2人とも自転車で世界旅行をしています。1人は5年くらい旅をしているそうです。このあとトルコへ向かうので要請を断りました。なぜならアルメニアとトルコは仲が悪く国境は閉鎖されているからです。だから次の日のバスでトルコへ向かうと言っていました。
もう1人は12年間旅をしているそうです。彼はアゼルバイジャンへ入って、そこからトルクメニスタン(またはカザフスタン)へ向かい少しずつ日本へ向かっているということでした。
 この間にもロシア軍はトビリシへ向かっているのか・・・空爆はあるのか?そしてあるの朝はあるのか?・・・様々な憶測が飛び通いました。でもこれだけは言えました。ぼくたちは死ぬためにここへ残ったわけではなくこれから進む道を選ぶためにここへの残ったこと、つまり生きるためにこの選択をしたということ・・・3人でそれを確かめ合いながらトビリシの夜は更けていきました。

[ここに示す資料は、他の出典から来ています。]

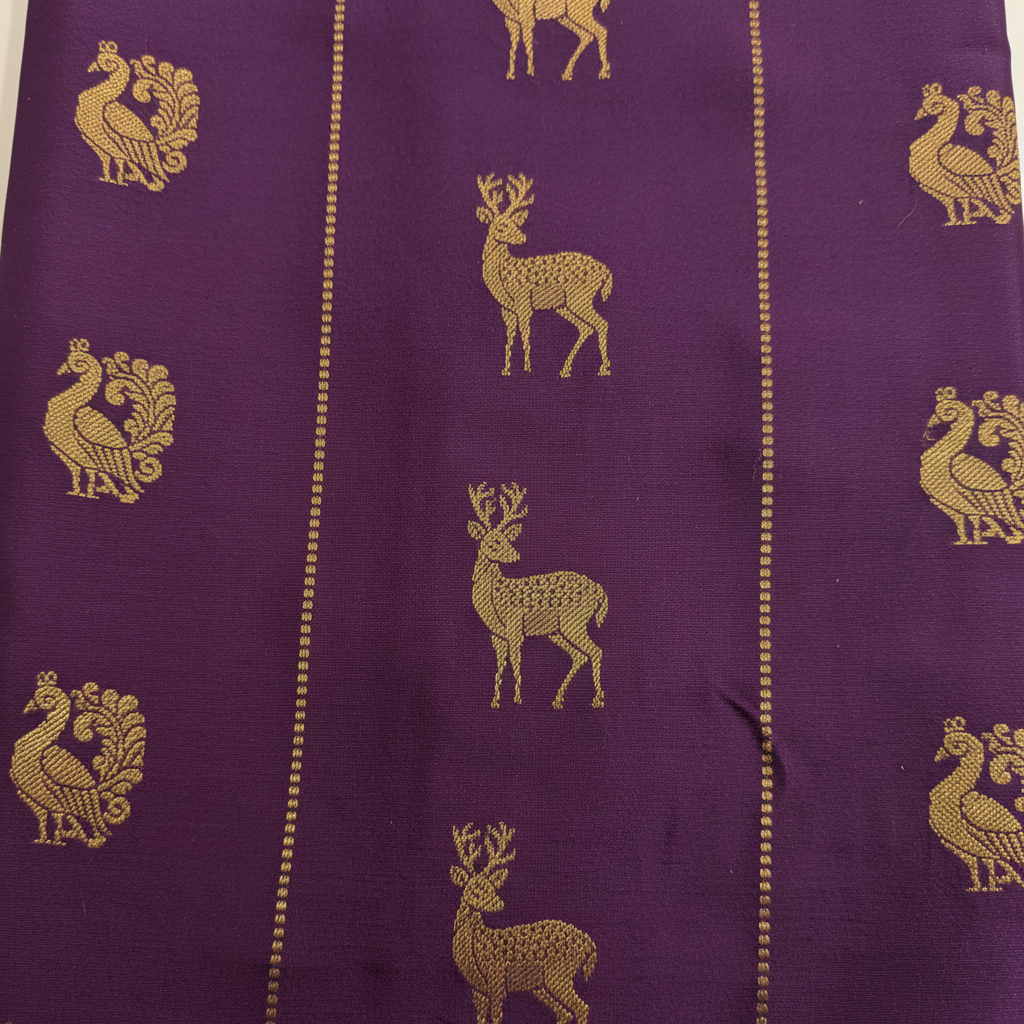 kuberan Purple with Deer and Peacock Motifs Mysore Silk Saree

 8月12日の朝を迎えました。いつもと同じような朝でした。そして生きていることを実感しました。午前8時ごろに日本大使館から電話がありました。内容は外務省から「退避勧告」が出たということでした。そのために日本大使館として日本人の保護と護送をするというものでした。護送の場所はアゼルバイジャンでした。つまり「退避勧告」ひとつで大使館の対応が180度変わったようにも思えました。正午にまた連絡をするというのでそれまでトビリシの町へ出ました。そしてインターネットカフェで情報の収集をしました。
 退避勧告は間違いありませんでした。それとロシア軍が近くに来ていること、停戦協定に合意したことなどがあげられました。退避勧告を出すのは少し遅いような気がしました。事実、EU諸国は10日には観光客をまとめて護送したということでしたから。もちろん周辺諸国へのビザも無料で申請してもらったということです。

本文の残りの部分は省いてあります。